Blunt is in MI five. He's in the Security Service. John Canecross, we talked about, has joined the Foreign Office and then the Treasury, and then is the kind of private secretary to a cabinet minister, Lord Hankey. And he has tons of access to secret, you know, documents. I mean, Kercross is really important. I mean, he possibly gives the first information that that that about the

plan of the Allies to develop an atomic bomb to the the Soviets was definitely one of the first. Nineteen thirty five, if you go back a few years, he decided the best way to distance himself from his communist past was to being an aide to a right wing Tory MP.

And then they go on a fact finding trip around Nazi Germany, where according to Guy Burgess, he has sex with lots of men from the Hitler youth, which is like again, is just kind of Classic guy Burgess, which is kind of mixing work with pleasure, I think, on his on his on his and he's got this amazing network of friends, many of them gay, but not all of them. In London. And famously, this will be known as the Homintern, as opposed to the Comintern, the kind of uh uh and it's a kind of

gaggle of people who is with his flamboyant, you know, character he's mixing with. W where does he join, though, David, in nineteen thirty-six? Where's the best you know, on his path to the establishment BBC. Where else would you go? BBC. B B C. Yeah. I mean I guess the I it Blazing the blazing the straight path from having sex with tons of men in the Hitler youth.

straight to the BBC. Yes, exactly. I don't think that's an option anymore on the on the on on the on the career when you're doing your kind of you know for previous previous experience that qualifies you for this job. But he ends up in the BBC as a talks producer.

where he's persuading people to come on a talk. And again, he's so well connected. He's so charismatic. He gets lo he's got this just brilliant network. And I mean he gets to know Churchill pretty well before Churchill's Prime Minister. Churchill inscribes one of his books to Guy as a present. And then in January thirty nine, guys left the BBC for a position in something new, which is called Section D of MI six. What's the D for, David?

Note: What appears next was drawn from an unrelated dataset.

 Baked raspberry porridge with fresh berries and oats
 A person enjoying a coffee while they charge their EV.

Philby Joins MI6, Disillusionment

The D is for destruction. Destruction, yes. I wish I wish we got to name sections this way of intelligence agencies. It reminds me Uh, you know, I think the we we did uh we did those episodes uh this is now over I I think almost uh over a year ago, Gordon, on uh on North Korean cyber bank robbers. And we talked about the North Korean Reconnaissance General Bureau and they have like a

I think they had a a unit called like the like the en the enemy destruction sabotage unit or something like that. This is this is very redolent of those kind of uh muscular North Korean naming conventions. I'm I'm a fan. Yeah, so it's a new section for MI6, focusing on sabotage and destruction, but also propaganda. Um, uh it's a bit of a it's it's new, a bit of a sideshow. And Burgess is in the bit basically dealing with propaganda because he's got his background in talk.

and the BBC. So he's a kind of liaison between Section D propaganda and Ministry of Information. But then of course he's now into it's a it's a new bit, it's a kind of adjacent to the main British Secret Service, but it's part of it. And of course he lobbies to get Philby into it, his old friend. And and Philby you can s you know you can see why Philby is perfect for it because he's an experienced war correspondent. He knows Europe. He's good at languages.

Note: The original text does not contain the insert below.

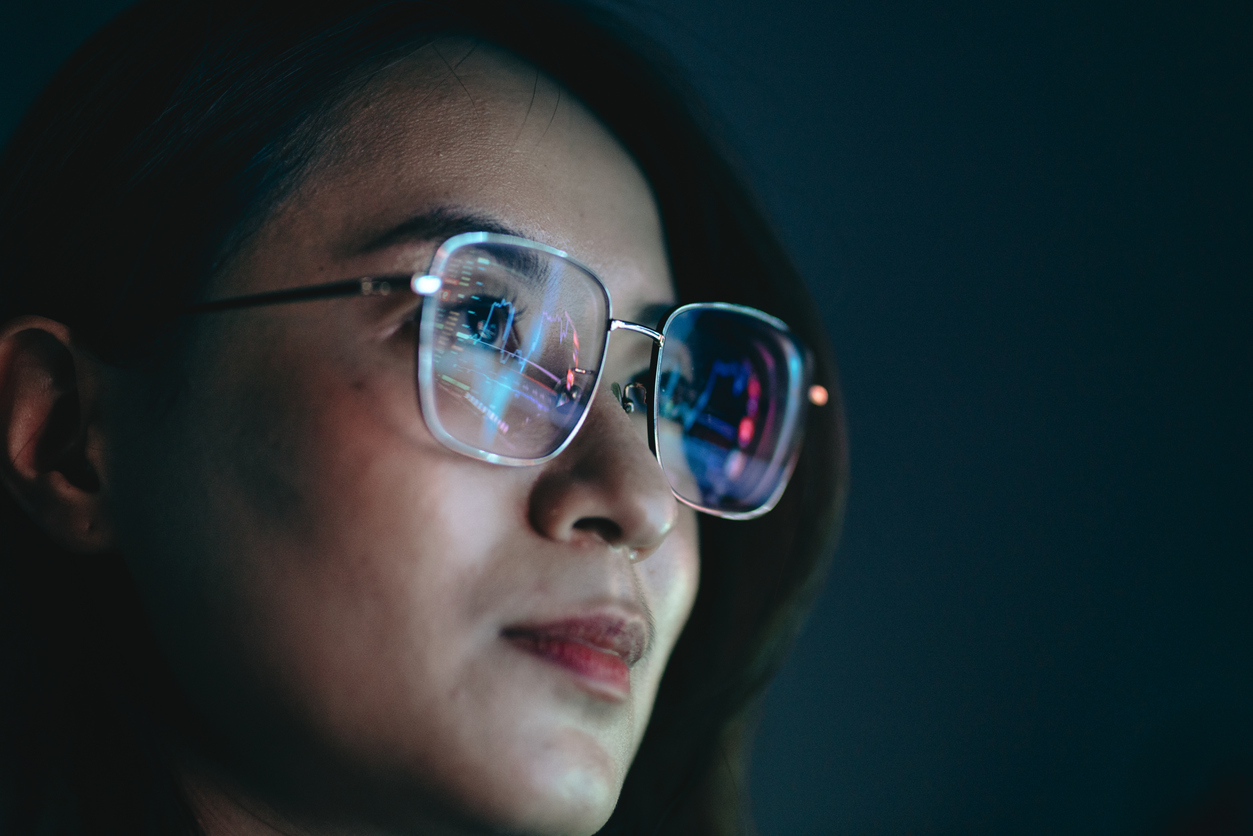 A Close up of a Cybersecurity Professional With the Reflection of a Computer Screen on the Lenses of Their Glasses.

He knows about the military, you know, he's been embedded with the military in France, but he also knows about irregular warfare from having covered the Spanish Civil War. And, you know, Philby has also been trying to drop content, you know, hints with all his content.

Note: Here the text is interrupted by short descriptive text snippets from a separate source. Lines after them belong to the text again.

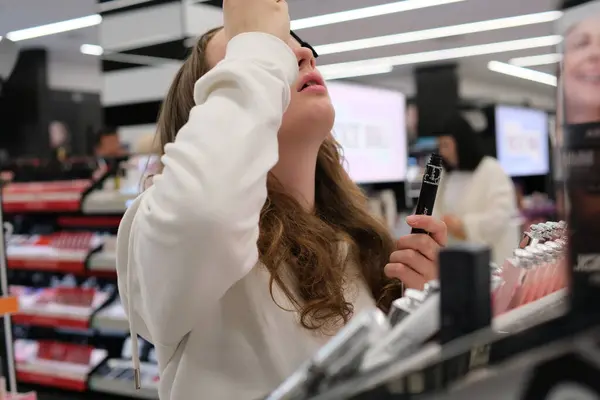 cosmetics shop In store, sample of lipstick is chosen for lip gloss, young girl chooses lip gloss near mirror. buys cosmetics puts on makeup with backlight beauty adolescence teenage girl. woman.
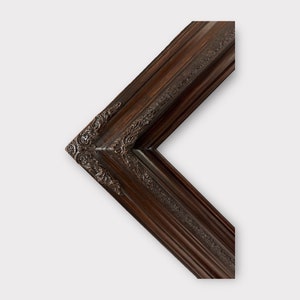 May include: A section of a dark brown picture frame with ornate detailing. The frame has a beveled edge and decorative corner accents. The wood grain is visible, adding texture to the classic design.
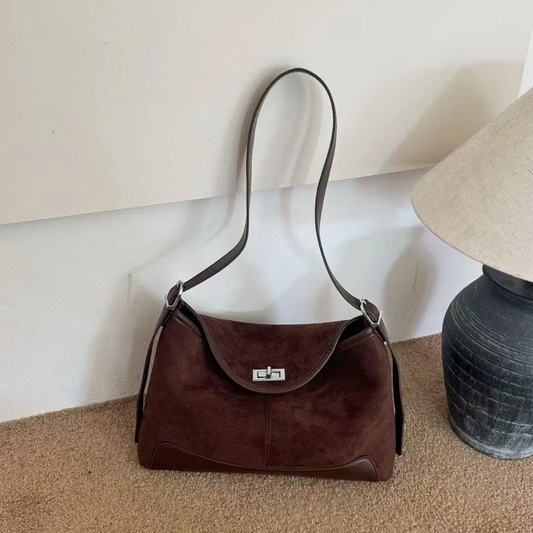 Deep Chocolate Brown Curved Hobo Carryall With Textured Front Panels, Smooth Bottom Trim And Rectangular Metallic Flap Twist Lock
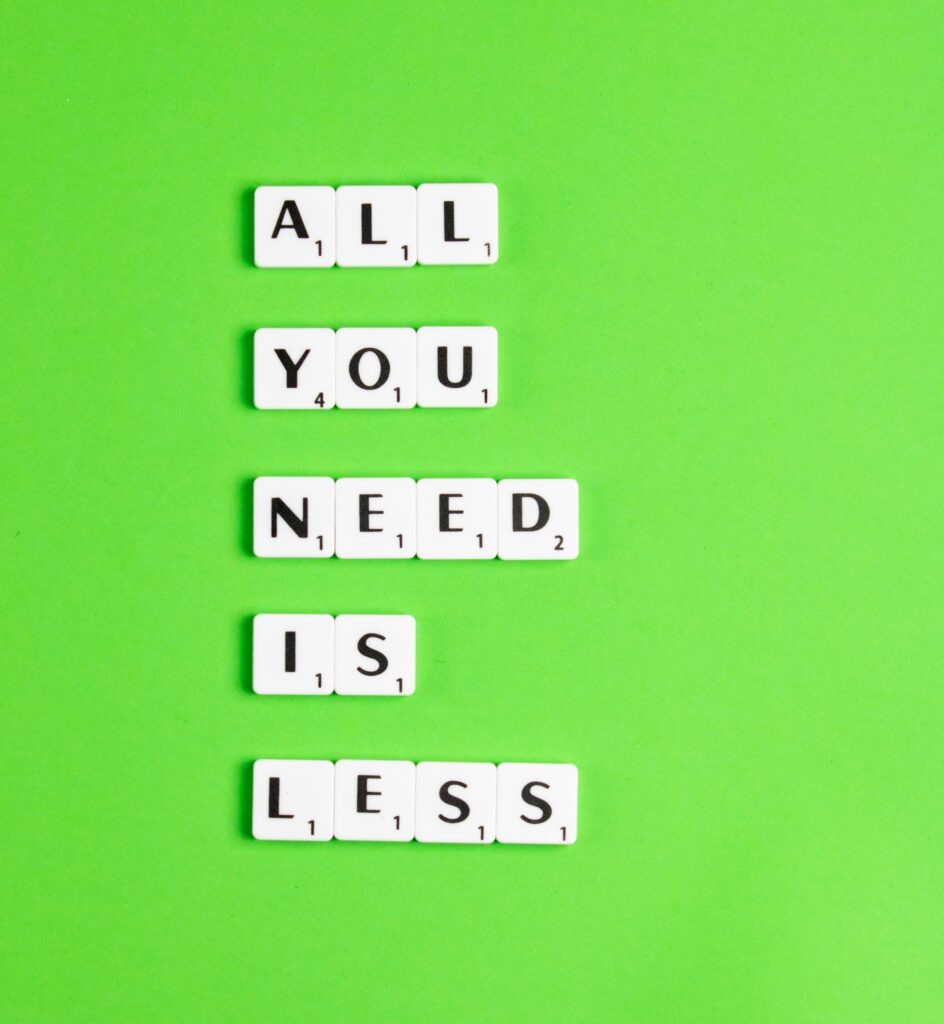 all you need is less in scrabble letters on lime green background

links in the previous months, you know, journalists and others love to do something for the war. And you know, and a fem female journalist, I think, with intelligence links is is the one he thinks plays a role. But definitely Burgess is is is the one who kind of helps get him in. Philby says No and he's he's talking about this uh this meeting with Burgess says I was sitting in the office in the Times with very little to do.

When suddenly the telephone rang and a voice asked me to go to a certain room in a certain hotel on a certain day, and I asked why. And they said, Well look here, it's it's rather special work we are thinking for you about, and please be as discreet as you can. Simply come to us. and don't say anything. And so this this is the connection that I guess Burgess helps facilitate for Phil B to the secret intelligence service that is gonna Really? Shape.

all of Philby's robatic life and legacy. Yeah, that's right. So, you know, he has a couple of interview at the St. Ermine's Hotel, which is still there. Um, and uh he's asked to sign the official Secrets Act. He's into this section D and Guy shows him up to his new office you know, no one knows what it's doing,'cause it's new, it's the start of the war, there's, you know, reorganization. It's all a bit of a mess. He's got a vague role, Philby, helping Burgess of all.

And there's a great description in um Philby's memoir, and it's I have to say his memoir is pretty unreliable in part. But it I do love the title. Shockingly. Yeah, shockingly. Helped written partly by the KGB, but it is called My Silent War, which I think is a great title for a for his memoir. And he says sometimes in the early weeks

I felt perhaps that I had not made the grade after all. It seemed that somewhere lurking in deep shadow, there must be another service, really secret, and really powerful. capable of backstairs machination on such a scale as to justify the perennial suspicions of, say, the French. But it soon became clear that such was not the case.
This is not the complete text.